Peters, Cornell and Kovaleski have repeatedly declined comment concerning the ongoing case and the fraternity's internal investigation.
UAPD officers placed phone calls to Cornell and Kovaleski on Oct. 9. The call to Kovaleski was not returned, and Cornell deferred comment to Peters, who could not be reached by the police.
The campus police again attempted to contact the fraternity members on Oct. 21, but UAPD received no response. After a final failed attempt to contact Cornell, Kovaleski and Peters via e-mail on Oct. 22, Detective David Caballero chose to close the case, according to police reports.
""Probable cause does not exist at this time to obtain an arrest or search warrant,"" Caballero wrote in the report. ""No other investigative leads exist at this time.""
Public Information Officer Sgt. Juan Alvarez deferred comment to Caballero, who declined comment.
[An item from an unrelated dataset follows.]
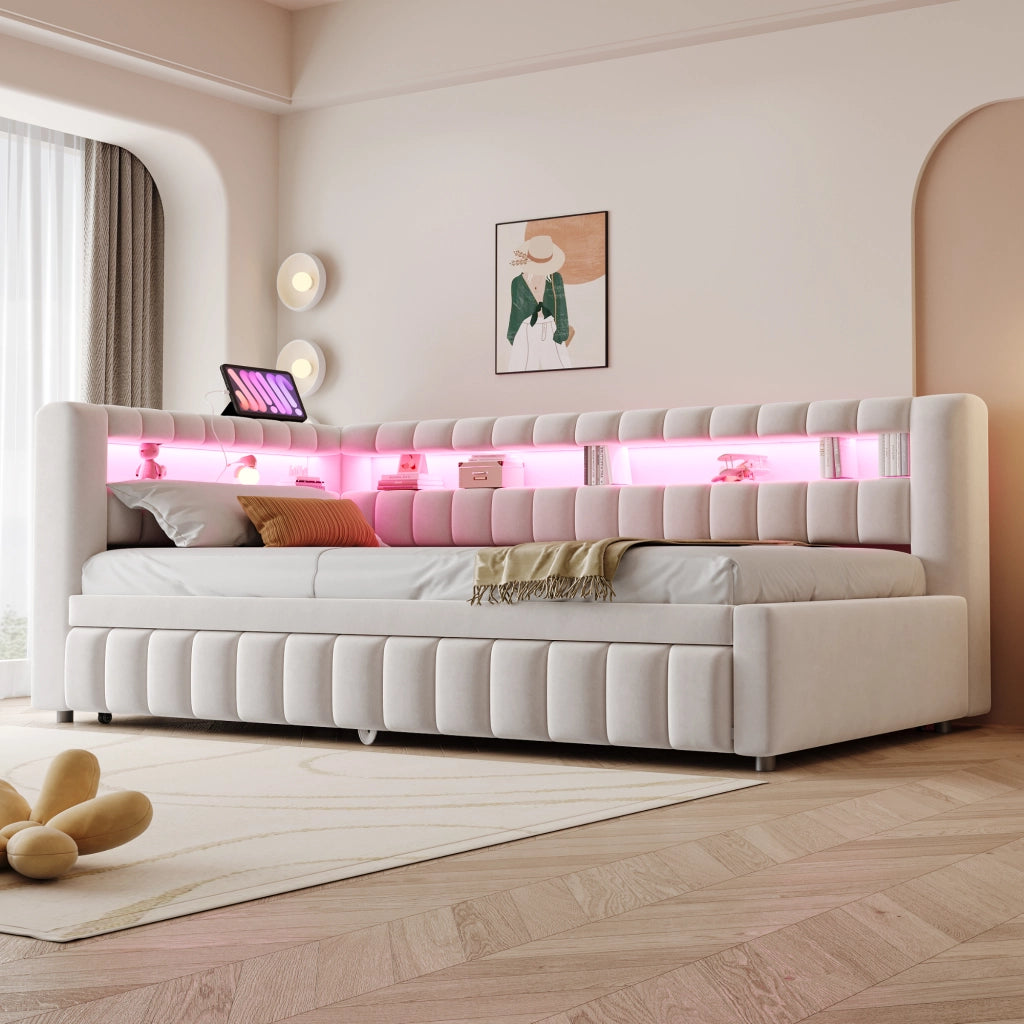 Letto imbottito estraibile 90x200 cm con LED, porte USB e tipo C, tessuto effetto velluto beige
Daily Wildcat representatives will be stating their case to the Greek Standards Board on Wednesday night following an official complaint with Greek Life launched by the newspaper against Phi Kappa Psi.
In order for the fraternity to be found responsible for Arizona Student Media's estimated $8,500 loss, the Daily Wildcat must show collaboration on the part of the chapter as a whole, rather than a few individuals within the fraternity, said Jenny Nirh, senior coordinator for Fraternity and Sorority Programs within Greek Life.
Following the Greek Standards Board hearing, the board will send a letter to the fraternity by Nov. 6 stating whether Phi Kappa Psi is responsible for the theft, as well as outlining any possible sanctions, according to official Greek Standards Board processes.
A simple majority vote is needed for the board to reach a verdict. The board is made up of eight Greek student members.